Conditional and joint span probabilities in TreeCRF

[rubencart]

I want to use the TreeCRF class to learn latent tree distributions for constituency trees for sentences. I noticed you can easily obtain the text span marginals with .marginals. However, I am interested in computing more probabilities in the tree distribution, like the conditional probability that one span occurs in the tree, given that another one occurs, or the joint probability of two spans. Is there an easy way to compute these probabilities from the marginals? Or using different torch-struct functionality?

A 'dirty' trick for the conditional probability could be to compute the marginals again, with the potential of the span you want to condition on set to a very high value? The new marginals would then actually be conditional probabilities? But that requires running the parsing algorithm once per condition, which ideally I would like to avoid.

[srush]

What a great question...

If there are two specific spans that you need, then your "dirty trick" is the right way to do it.

If you want to do it efficiently for any pair of spans, then there are some fun auto-diff tricks you can use. If I remember correctly, the hessian of the log-partition (with respect to the log-potentials) will give you the joint of all pairs of spans. I don't think this is currently implemented in the library, but wouldn't be that hard to add.

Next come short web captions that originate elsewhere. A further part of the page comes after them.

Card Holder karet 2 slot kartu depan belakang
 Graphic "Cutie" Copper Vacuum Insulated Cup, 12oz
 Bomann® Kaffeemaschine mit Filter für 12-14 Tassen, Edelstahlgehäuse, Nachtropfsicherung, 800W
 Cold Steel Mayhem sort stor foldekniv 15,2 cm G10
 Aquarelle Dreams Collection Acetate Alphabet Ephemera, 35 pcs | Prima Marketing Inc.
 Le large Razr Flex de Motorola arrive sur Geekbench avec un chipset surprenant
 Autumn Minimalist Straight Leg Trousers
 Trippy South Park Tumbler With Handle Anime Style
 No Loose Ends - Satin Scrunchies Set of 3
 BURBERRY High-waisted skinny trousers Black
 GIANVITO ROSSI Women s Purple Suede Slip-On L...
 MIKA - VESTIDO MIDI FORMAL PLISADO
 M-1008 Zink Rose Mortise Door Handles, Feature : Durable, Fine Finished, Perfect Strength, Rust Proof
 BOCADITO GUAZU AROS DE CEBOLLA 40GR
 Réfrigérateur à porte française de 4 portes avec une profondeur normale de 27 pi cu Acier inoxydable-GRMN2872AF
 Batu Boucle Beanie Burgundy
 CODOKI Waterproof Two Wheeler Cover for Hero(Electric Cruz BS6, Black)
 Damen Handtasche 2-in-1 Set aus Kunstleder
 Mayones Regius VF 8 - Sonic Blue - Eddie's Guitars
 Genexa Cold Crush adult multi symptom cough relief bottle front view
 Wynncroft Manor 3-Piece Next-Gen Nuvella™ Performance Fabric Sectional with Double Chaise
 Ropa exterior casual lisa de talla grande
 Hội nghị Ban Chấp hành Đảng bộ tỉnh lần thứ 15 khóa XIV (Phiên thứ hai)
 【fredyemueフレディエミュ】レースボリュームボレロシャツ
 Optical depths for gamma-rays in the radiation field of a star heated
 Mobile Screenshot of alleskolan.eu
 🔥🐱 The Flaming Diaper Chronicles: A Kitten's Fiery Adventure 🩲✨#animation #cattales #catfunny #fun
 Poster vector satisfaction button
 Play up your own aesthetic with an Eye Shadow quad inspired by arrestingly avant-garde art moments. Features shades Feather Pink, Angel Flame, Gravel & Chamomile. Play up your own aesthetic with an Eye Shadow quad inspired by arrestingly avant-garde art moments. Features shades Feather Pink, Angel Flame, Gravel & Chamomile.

maybe look at https://pytorch.org/docs/stable/generated/torch.autograd.functional.hessian.html

[rubencart]

Thank you :-). I am more interested in an efficient way for any pair of spans.
The hessian trick sounds interesting, could you perhaps point me to a reference that explains this relation? And/or relations between other auto-diff tricks and other probabilities (like for the conditionals)?

[srush]

I think this is a nice reference for bayes nets https://dl.acm.org/doi/pdf/10.1145/765568.765570

Alternatively you can think of CRF as exponential families and therefore the log-partition generates moments:

https://www.cs.cmu.edu/~epxing/Class/10708-14/scribe_notes/scribe_note_lecture6.pdf

I can't find a nice reference though to explain the hessian, but you can derive it from differentiating the log-partition twice \log \sum_i \exp (l_i) with respect to l_j and l_k (you should end up with a term that has the sum over all structure with part j and k in the numerator and the partition function in the denominator.)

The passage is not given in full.